TASK DETAILS → In the records below, find the line that contains "印品南征北战体字体转换". Retype that line and all the lines after it through the end, leaving out the pictures.

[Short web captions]
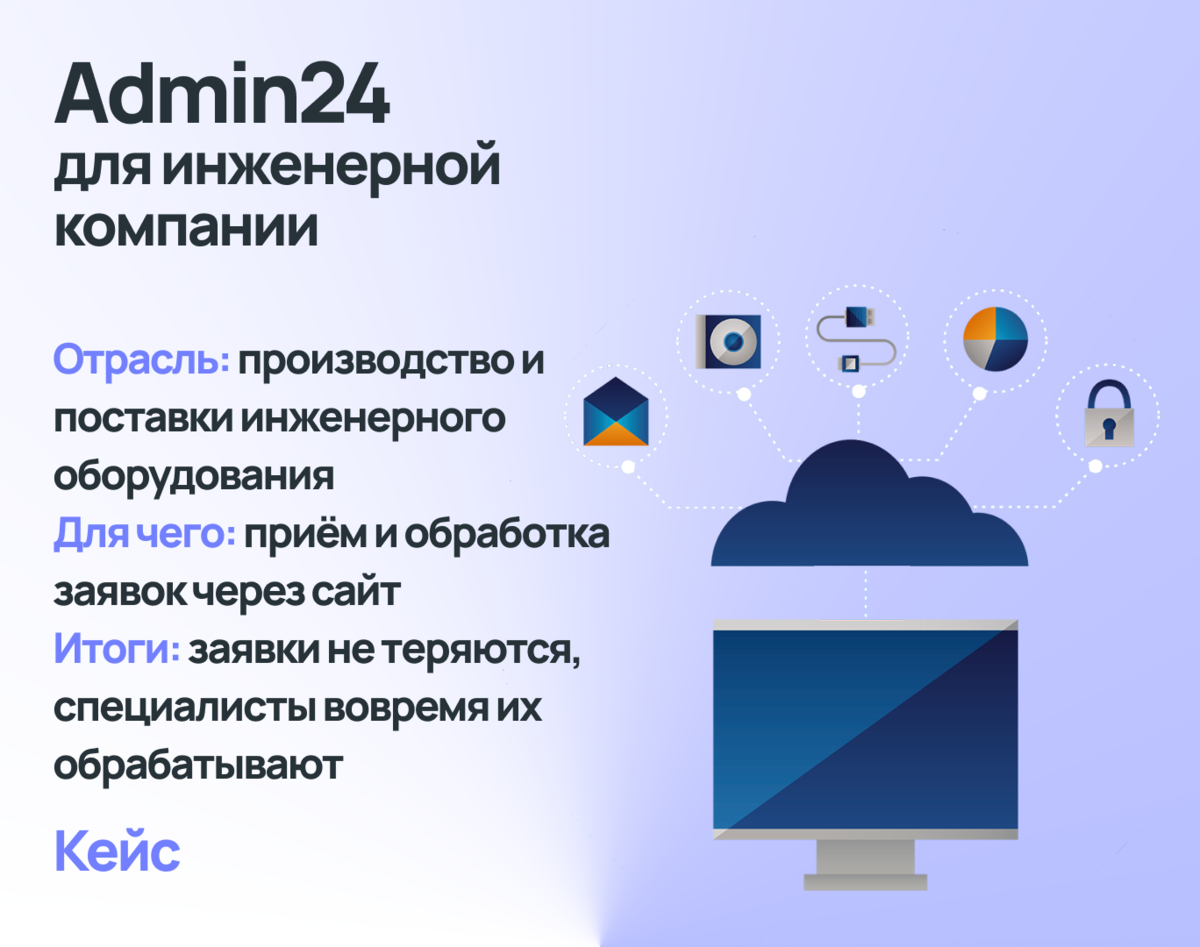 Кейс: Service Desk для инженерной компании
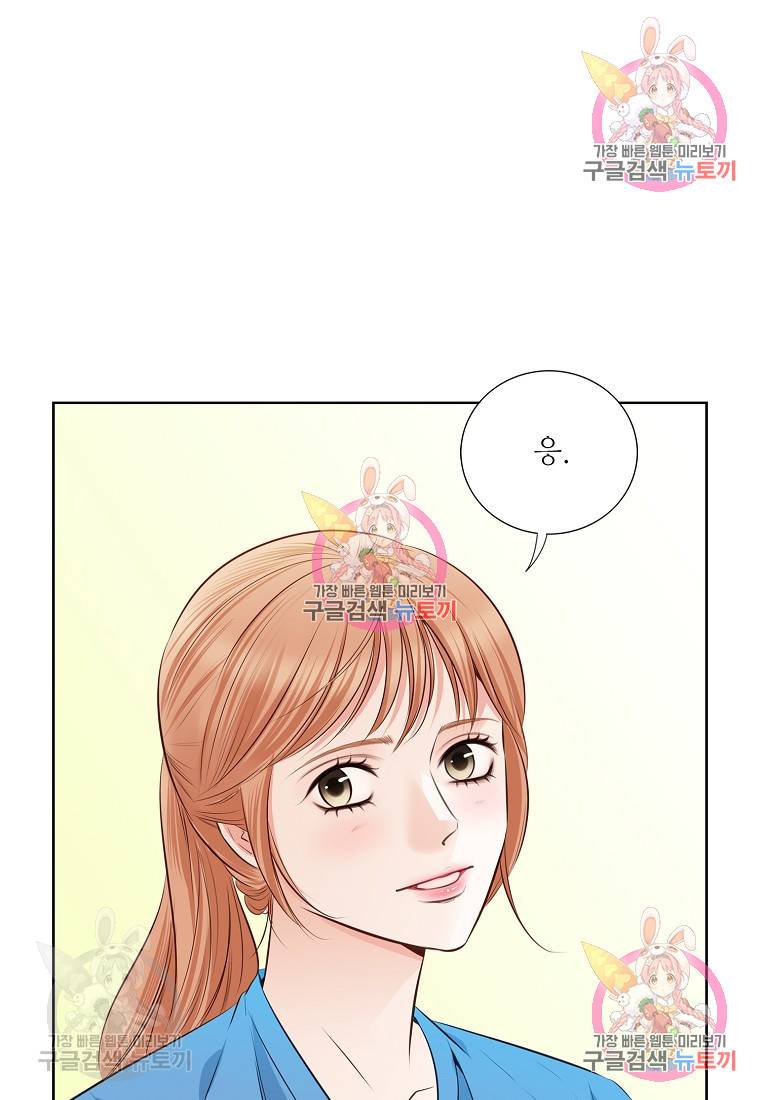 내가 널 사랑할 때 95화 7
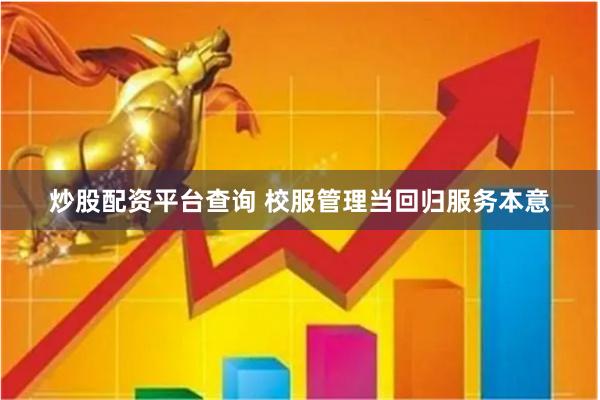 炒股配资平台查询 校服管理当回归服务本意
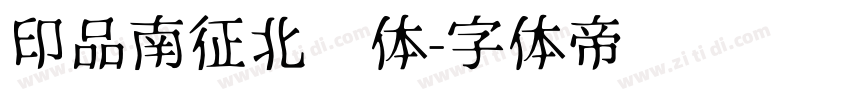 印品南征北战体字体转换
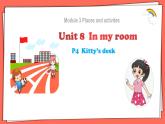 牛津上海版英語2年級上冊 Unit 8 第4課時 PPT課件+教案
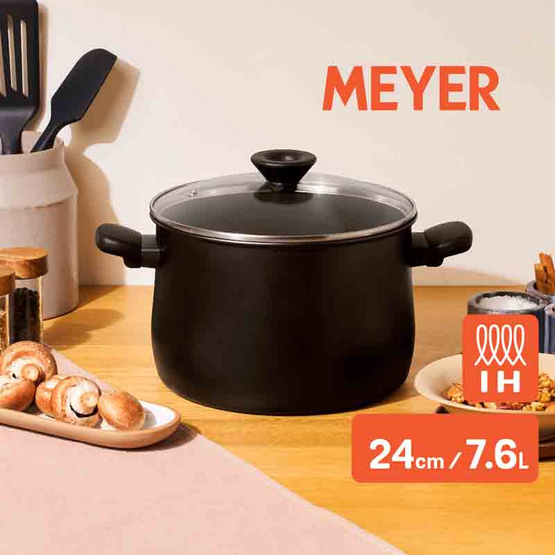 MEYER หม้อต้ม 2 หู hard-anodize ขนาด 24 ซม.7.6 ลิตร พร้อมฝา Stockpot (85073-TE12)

ANSWER SECTION →
 印品南征北战体字体转换
 牛津上海版英語2年級上冊 Unit 8 第4課時 PPT課件+教案
 MEYER หม้อต้ม 2 หู hard-anodize ขนาด 24 ซม.7.6 ลิตร พร้อมฝา Stockpot (85073-TE12)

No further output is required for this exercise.